Deep Reinforcement Learning; rescue robot; intelligent systems; robot control

Graphical Abstract

1. Introduction

In the process of solving the Urban Search and Rescue (USAR) problem of utilizing ground mobile robots, growing attention has been paid to trajectory planning and navigation in complex environments, such as multilayered or rugged terrains [1]. However, one of the main challenges still lies in designing effective strategies to control robots crossing obstacles safely and effectively. Tracked robots equipped with four flippers exhibit exceptional terrain traversal capabilities, facilitating efficient navigation through uneven terrain during USAR missions [2,3]. While adding multiple flippers enhances the traversability of the tracked robots, it also introduces a high degree of control freedom. In complex terrain environments, relying solely on manual control can impose a significant cognitive burden and increase the time required for terrain traversal tasks, potentially impacting the rescue success rate [4,5]. Consequently, achieving autonomous terrain traversal is paramount in augmenting the intelligent operation of tracked robots in USAR tasks.

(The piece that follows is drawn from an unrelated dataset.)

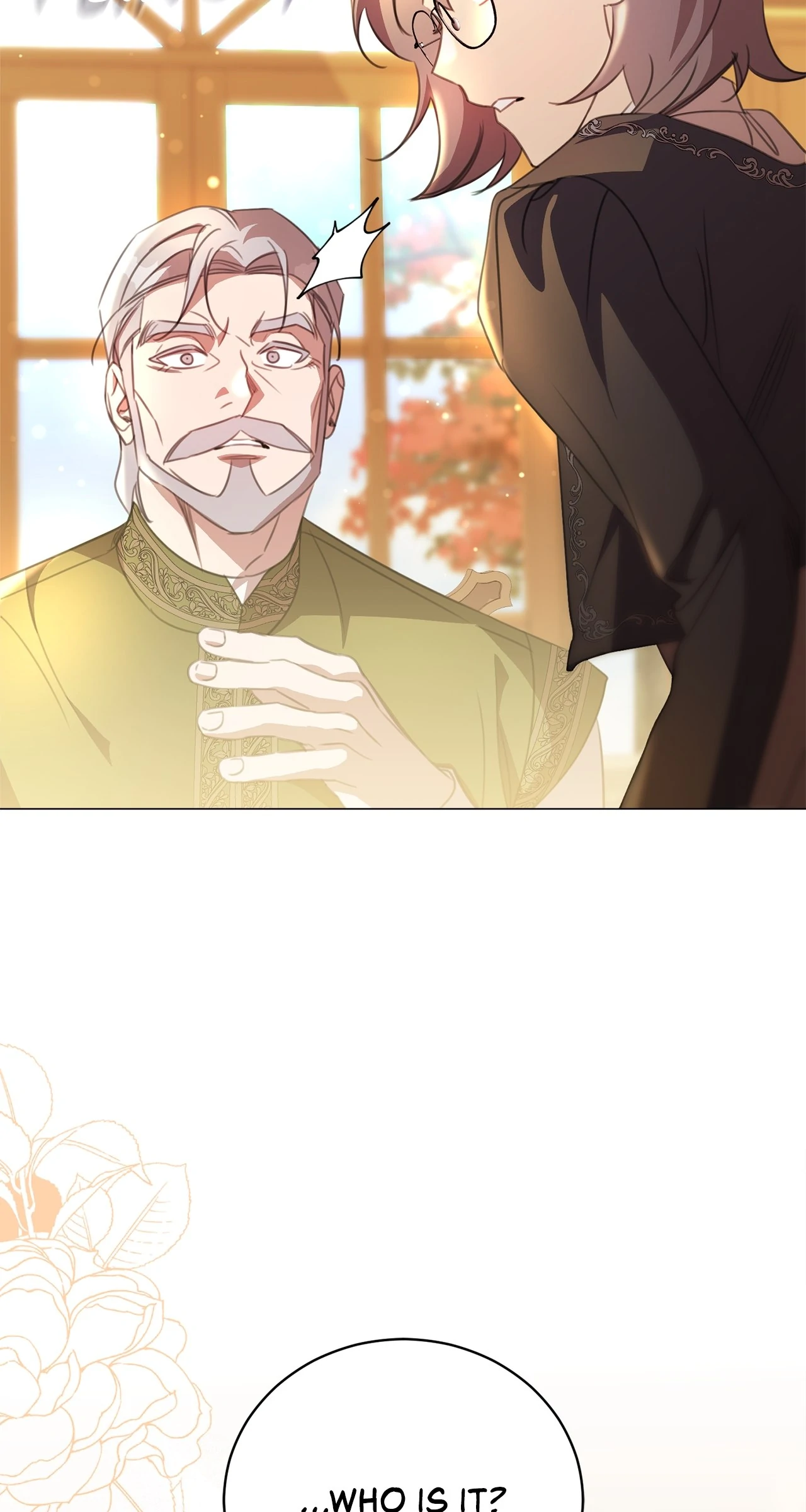 How to Choose Your Knight Chapter 31 - page 35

Since articulated tracked robots can adjust their morphology for safe and efficient obstacle crossing through flipper movements, extensive research has focused on addressing the issue of autonomous flipper control. Early studies [6,7,8] primarily centered on analyzing the robot kinematics with specific terrain structures, incorporating additional constraints and simplifications that limit the extensibility of the traversal model. In contrast, recent research based on Deep Reinforcement Learning (DRL) [9] has allowed researchers to adopt a more practical approach to devise strategies for traversing obstacles, leveraging the fitting capabilities of Deep Learning (DL) methods and the optimization capabilities of Reinforcement Learning (RL) to solve problems more efficiently. However, the optimal flipper actions that satisfy the constraints are sparse in large action spaces. Inefficient action exploration efficiency reduces DRL algorithms’ training efficiency and control, and the recently proposed Intrinsic Curiosity Module (ICM) [10] helps enhance the algorithmic action exploration efficiency.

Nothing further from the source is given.